ANHIG / IMGTHLA

Github for files currently published in the IPD-IMGT/HLA FTP Directory hosted at the European Bioinformatics Institute
http://www.ebi.ac.uk/ipd/imgt/hla/
Other
204 stars 60 forks source link

DRB3*03:57Q-related issue in the DRB_prot.txt file for releases 3.49.0 to 3.51.0 #332

Closed sjmack closed 1 year ago

sjmack commented 1 year ago

The nine nucleotide insertion in DRB3*03:57Q results confusing position numbering in the DRB_prot.txt file. The three residue insertion in this protein results in an indel position in the alignment being identified as position 67, when the position to the immediate right is the actual position 67. This makes it difficult to identify the proper position coordinates for that section of the alignment. I notice a similar issue for the HLA-A and HLA-B protein alignments. The ideal solution would be to start the numbering of positions after any initial indel (".") positions.

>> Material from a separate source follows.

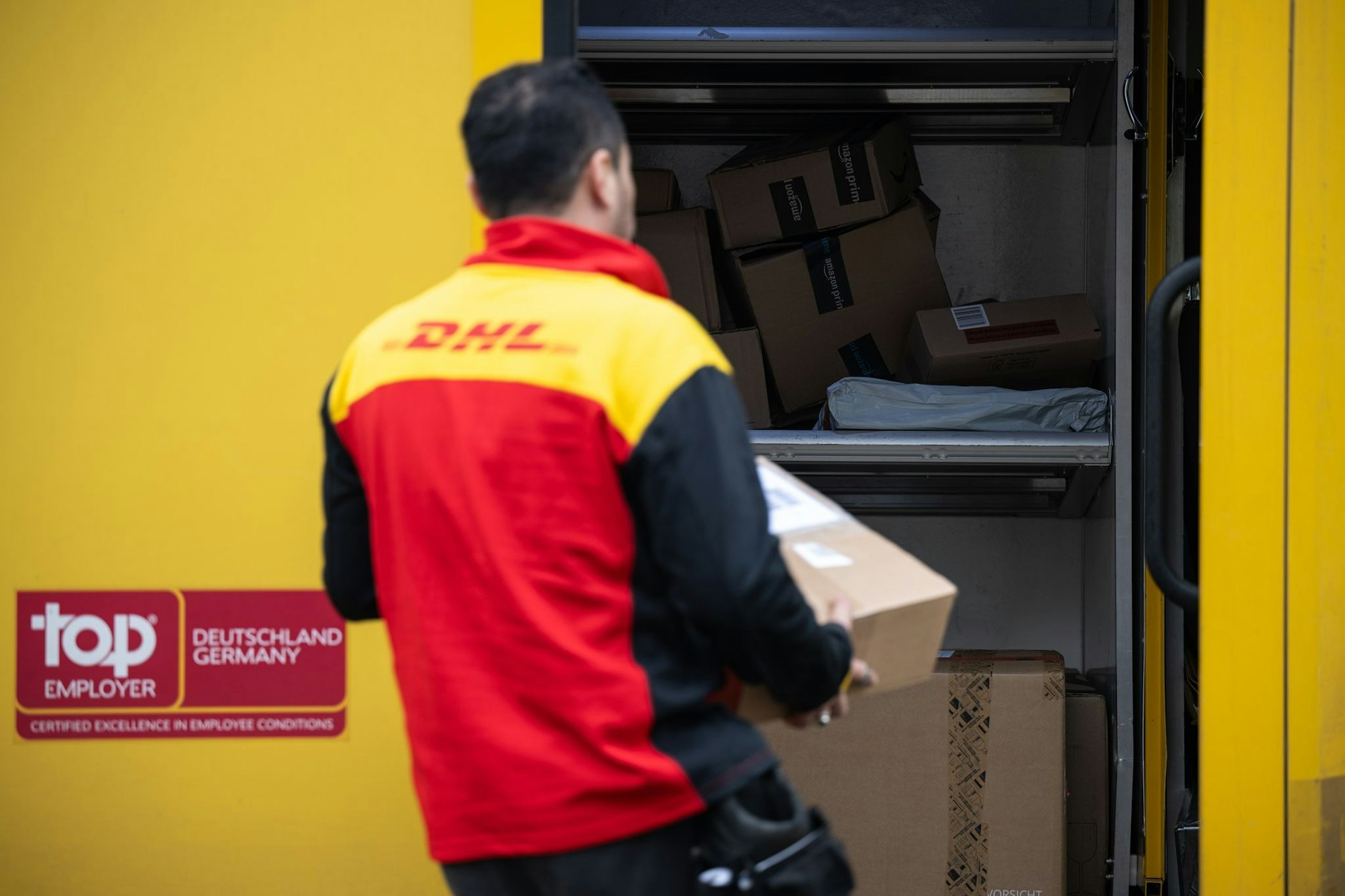 Ein DHL-Mitarbeiter trägt ein Paket in einen Lieferwagen.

DRB_position_67_confusion HLA-A_position_155_confusion HLA-B_position_141_confusion
jrob119 commented 1 year ago

Thanks for the feedback on this, with regards to numbering this is based on only valid bases in the reference sequence, and as such the '.' is not counted as a valid base and the numbering would resume start once the first valid base is encountered.